Weldon also told the FAA this could also pose a major environmental hazard in the area around the crash site.
• The recently conducted crashworthiness tests — in which Boeing dropped partial fuselage sections from a height of about 15 feet at a test site in Mesa, Ariz. — are inadequate and do not match the stringency of comparable tests done on a 737 fuselage section in 2000.
• The conductive metal mesh embedded in the 787's fuselage surface to conduct away lightning is too light and vulnerable to hail damage, and is little better than a "Band-Aid."
Though aluminum airplanes are safe to fly through lightning storms, Weldon wrote, "I do not have even close to the same level of confidence" for the 787.
Boeing's Gunter denied the specifics in Weldon's Dreamliner critique.
"We have to demonstrate [to the FAA] comparable crashworthiness to today's airplanes," she said. "We are doing that."
The recently completed crash tests were successful but are only the beginning of a process that relies on computer modeling to cover every possible crash scenario, she said.

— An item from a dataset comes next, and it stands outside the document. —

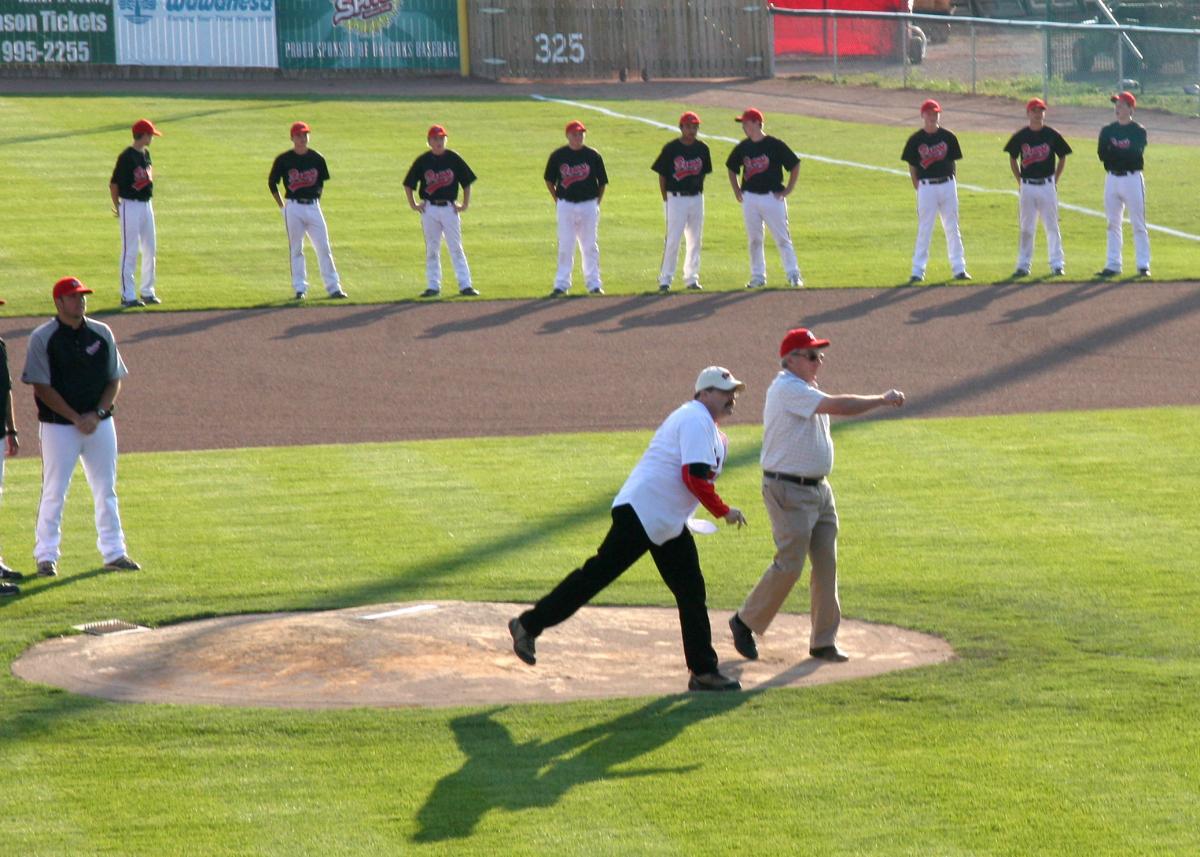 Mayor Robertson throwing the first pitch at an Okotoks Dawgs game in 2011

Tests so far have shown that shards of composite material released in a crash are not a shape that is easily inhaled, Gunter said, and the smoke produced by composites in a jet-fuel fire is no more toxic than the smoke from the crash of an aluminum plane.
The 787's lightning protection will meet FAA requirements, she said.
Gunter expressed frustration at Weldon's portrayal of the plane maker as taking shortcuts for profit.
"We wouldn't create a product that isn't safe for the flying public," Gunter said. "We fly on those airplanes. Our children fly on those airplanes."